I started by optimizing a protocol to profile single-cell chromatin accessibility by sci- ATAC-seq in Drosophila embryos and applied it to profile a dense time-course of over 20,000 cells during mesoderm development. The time-course comprised eight overlapping time-points spanning half of embryogenesis and captured a continuum of regulatory transitions as cells move from multipotency to different developmental lineages. I used this dataset to reconstruct developmental trajectories of all major celltypes, and uncover both the TFs and enhancers involved.

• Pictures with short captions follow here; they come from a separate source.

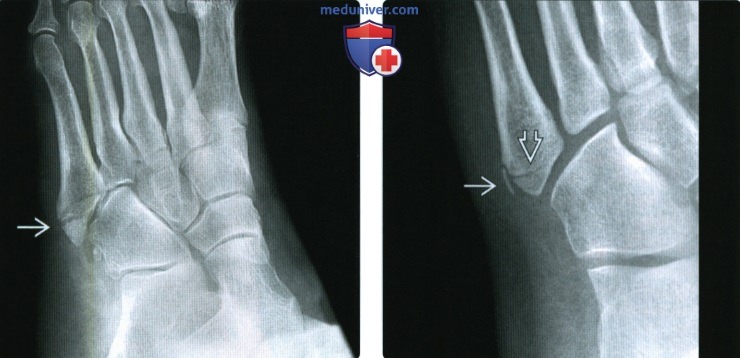 Рентгенограмма, КТ, МРТ при переломе плюсневых костей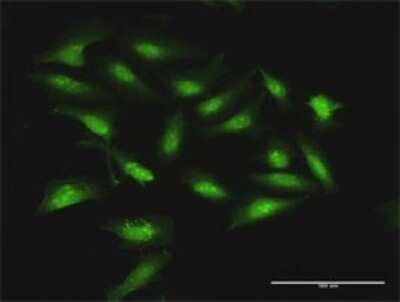Immunocytochemistry/ Immunofluorescence: Stomatin Antibody [H00002040-D01P]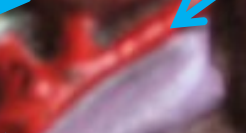 <p>A branch of the celiac artery that supplies oxygenated blood to the liver.</p>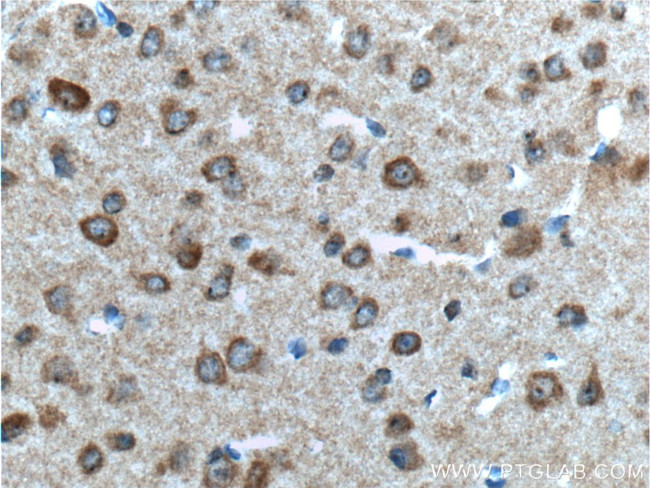 GPR75 Antibody in Immunohistochemistry (Paraffin) (IHC (P))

I then present two approaches that integrate the single-cell resolution of sci-ATAC-seq with perturbations of TFs and enhancers, as a means to dissect regulatory networks. First, I perturbed regulatory networks in trans, by mutating four key developmental TFs that drive Drosophila mesoderm development and used sci-ATAC-seq to jointly assess the regulatory outcome at both the cellular and molecular level. I demonstrate that this approach not only recovers previously described high-level phenotypes, but also more subtle alterations in cell fate, while simultaneously providing information on the TF’s input at enhancers. Second, I perturbed regulatory networks in cis by exploiting natural sequence variation as a means for large-scale enhancer disruption. By profiling chromatin accessibility in hybrid embryos obtained from mating genetically diverse parent lines, I show how sci-ATAC-seq can be used to discover the cellular context affected by genetic variants and I discuss upcoming in vivo experiments to assess their impact on enhancer activity.